地方税法は組織法か

次の論述は、早稲田大学の大浜啓吉教授が神奈川県臨時特例企業税通知処分取消等請求事件訴訟で県側の意見書として提出されたものの一部である。

……地方税法は法律ではあるが、もともと地方公共団体の事務処理に必要な財源を得るのが本来の目的であるから、地方公共団体の基礎にある「地域社会」から徴収するのが筋であって、全国民を対象に負担を強いるべきものではなく、全ての紛争事件に適用されることを予定したものでもない。その意味で、国税に関する個別実体租税法とは性質が異なり、地方税に関する大綱(大枠)ないし標準を定めたものにすぎない。
このように、地方税法の基本的性格は、自治体と住民間の権利義務関係を規律する規範ではなく、国と地方公共団体という二つの行政主体の所掌事務と権限および両者の関係を規律するものなのである。つまり、地方税法の基本的性格は、行政作用法ではなく、広義の行政組織法に属するというべきであろう。行政機関の「任務および所掌事務の範囲」について定めているといえるからである。行政作用法でないことは確かであり、国と地方公共団体との税源配分を示すという意味では組織法である。……(大浜啓吉「条例制定権と法の支配」『自治研究(第88巻・第2号)』(P35)
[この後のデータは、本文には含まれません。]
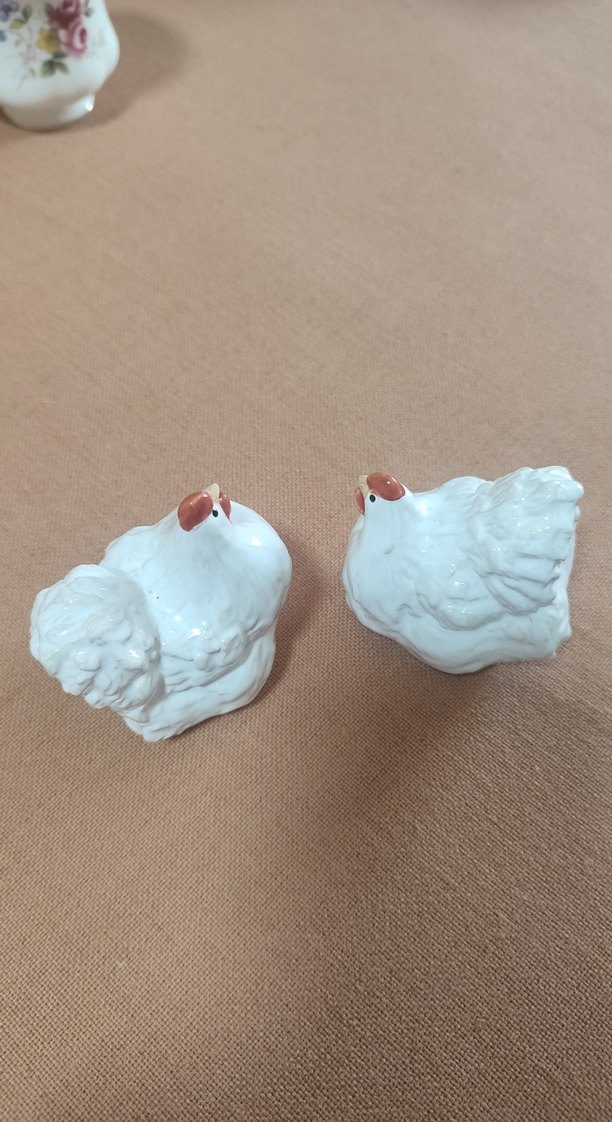 Beyaz Seramik Tavuk Figürleri - Görsel 4
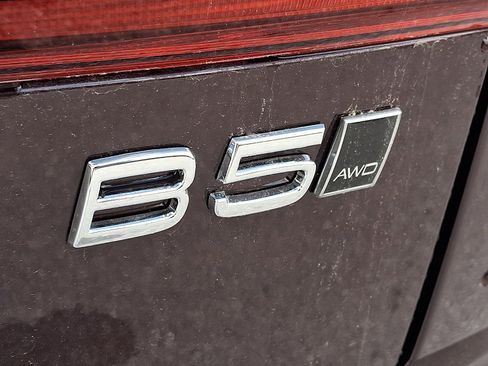 New 2026 Volvo XC60 B5 Ultra w/ Protection Package Premier AWD/4WD image 14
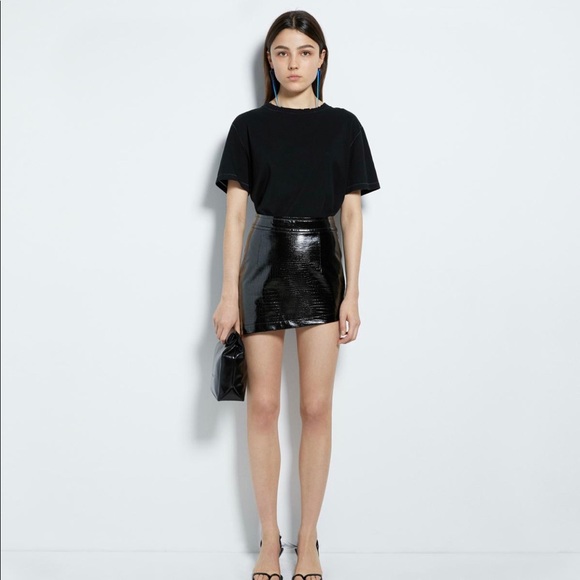 🛑SOLD🛑 HELMUT LANG BLACK LEATHER SKIRT - Picture 2 of 4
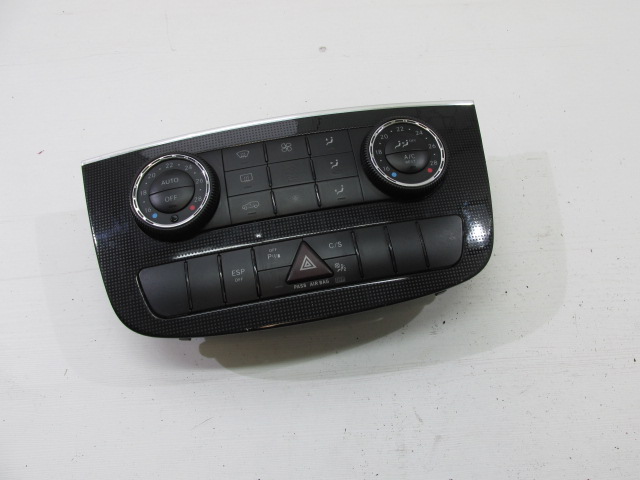 фото №1, Панель обдув кондиционера mercedes r-klasa w251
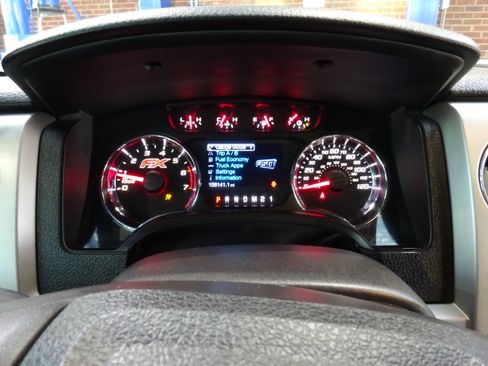 Used 2014 Ford F150 FX4 w/ Equipment Group 402A Luxury image 10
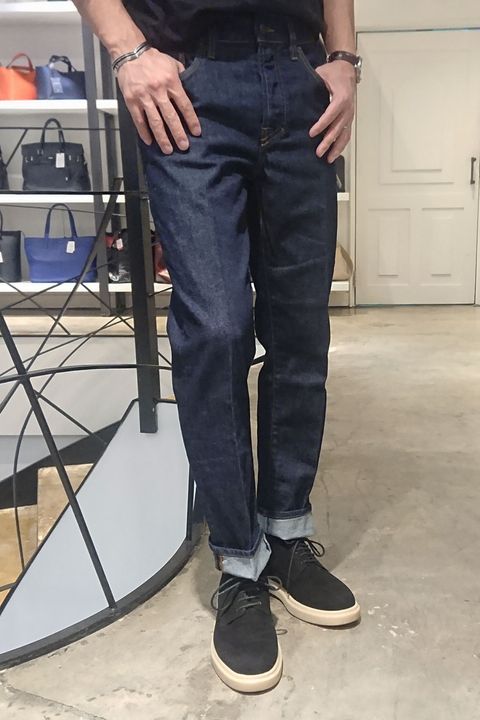 "EMMETI" H UOMOをベースにした、上品カジュアルスタイル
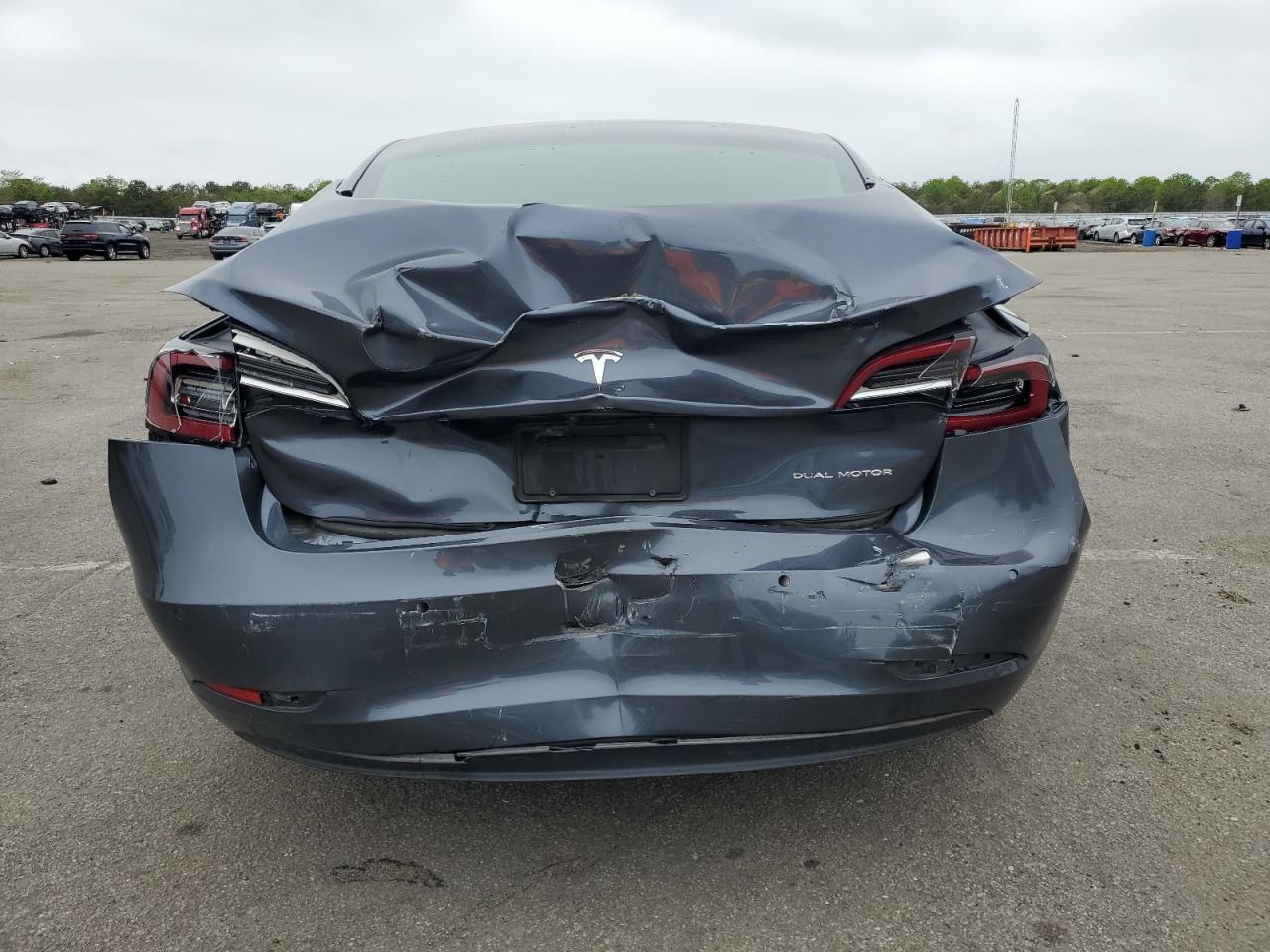 2021 Tesla Model 3 - Фото 6
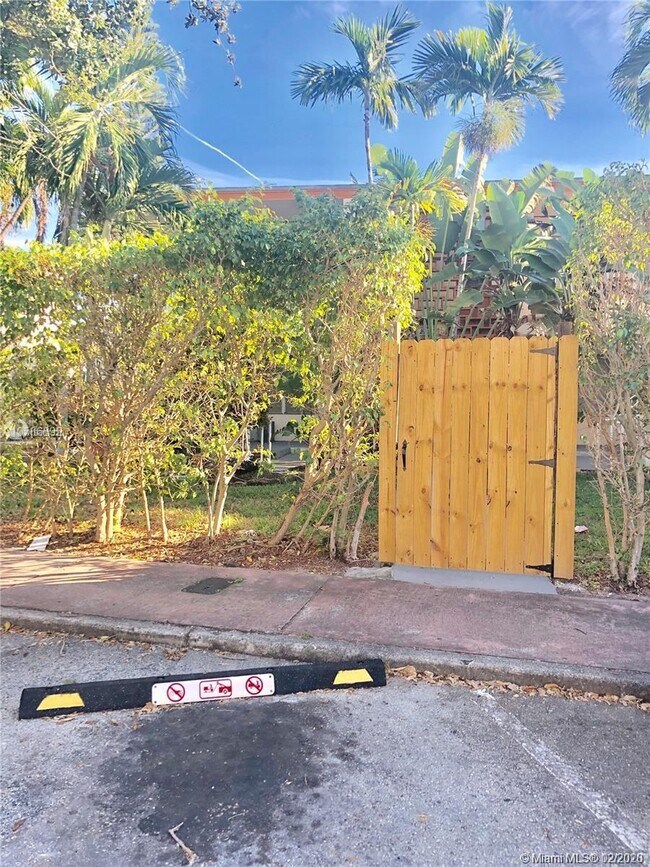 Foto del edificio - 2220 Calais Dr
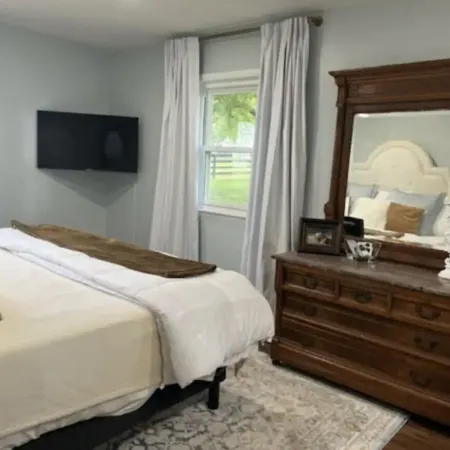Remodeled gorgeous cottage overlooking horse farm. Family and work friendly.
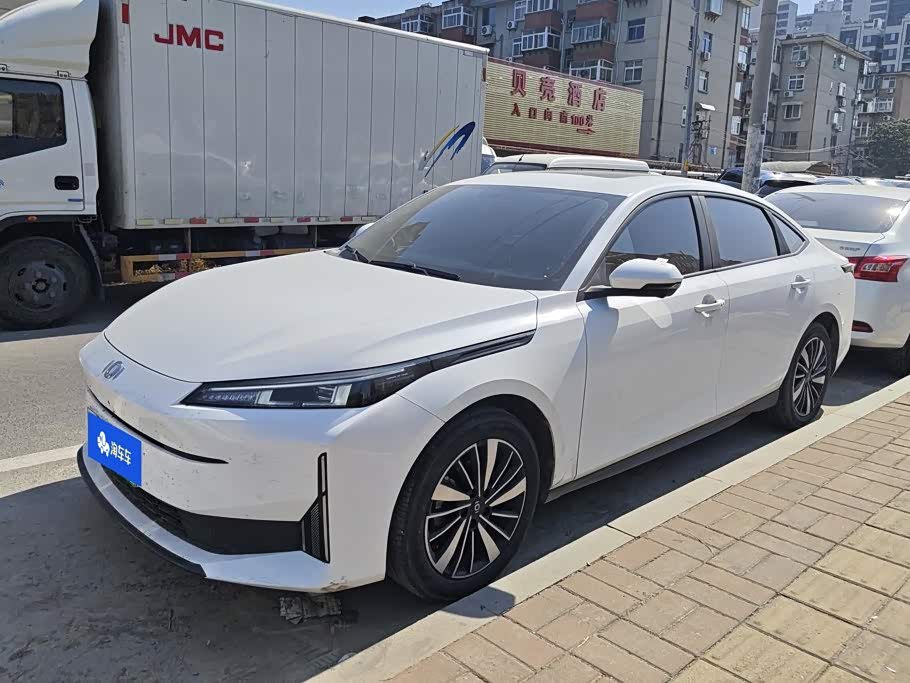 Changan A05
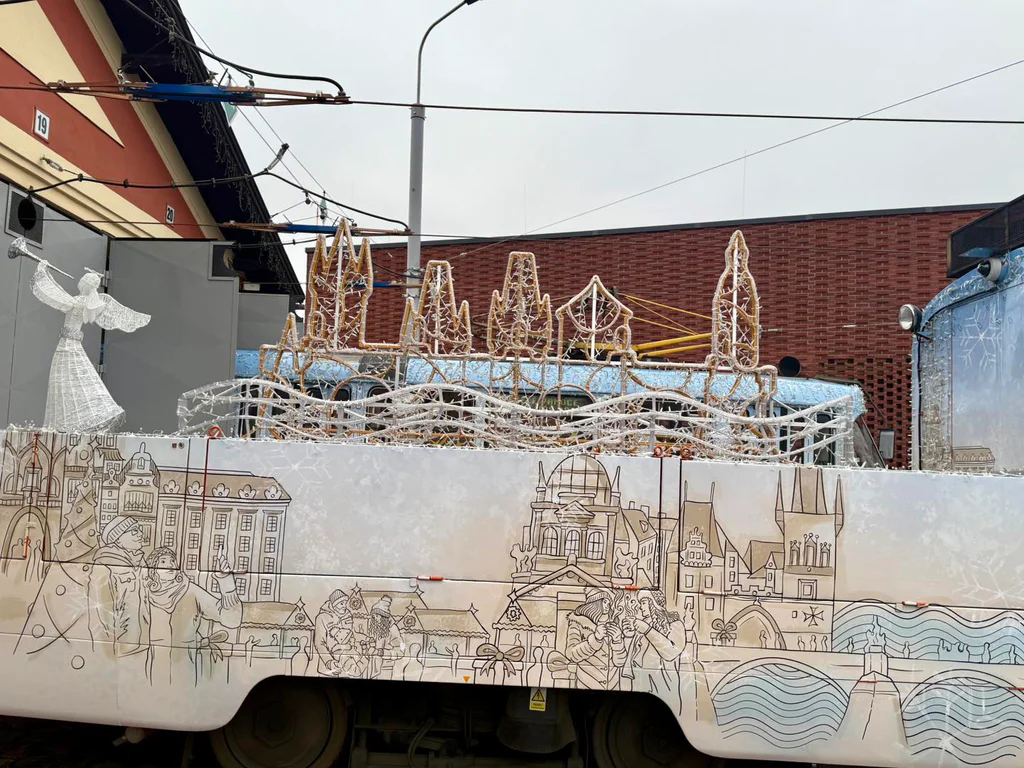 Mazací tramvaj bude jezdit se svítící siluetou Pražského hradu. Foto: DPP - Dan Šabík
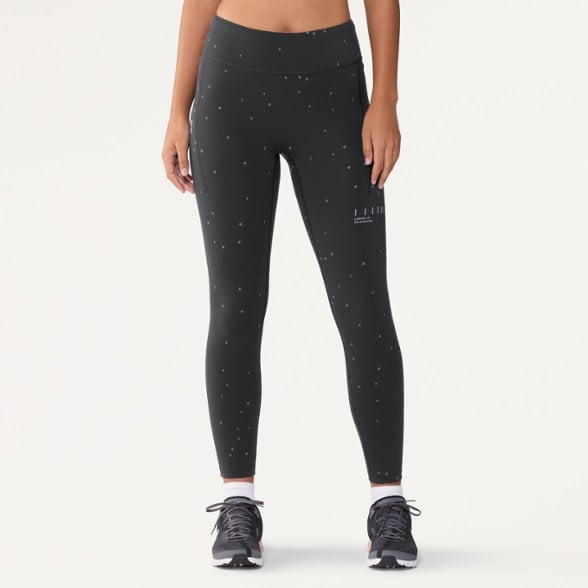Model info: Height: 5'10" | Waist: 27" | Inseam: 31" | Wearing size: M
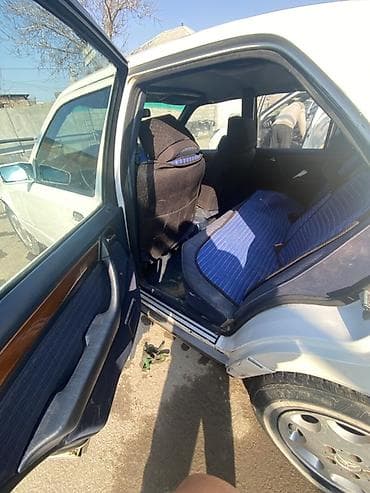 мерс 124 стук: Mercedes-Benz W124: 1988 г., 2.3 л, Механика, Бензин, Седан — 7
地方税法をこのように考えたことはなかったので、興味深い主張である。解釈としては成り立つとは思う。
しかし、地方税法に規定されている自治体と住民間の規定の全てを自治体の税条例において規定しているわけではなく、法の規定によっている部分もある。したがって、少なくとも実務ではこのような解釈にはよっていないと言えるのではないだろうか。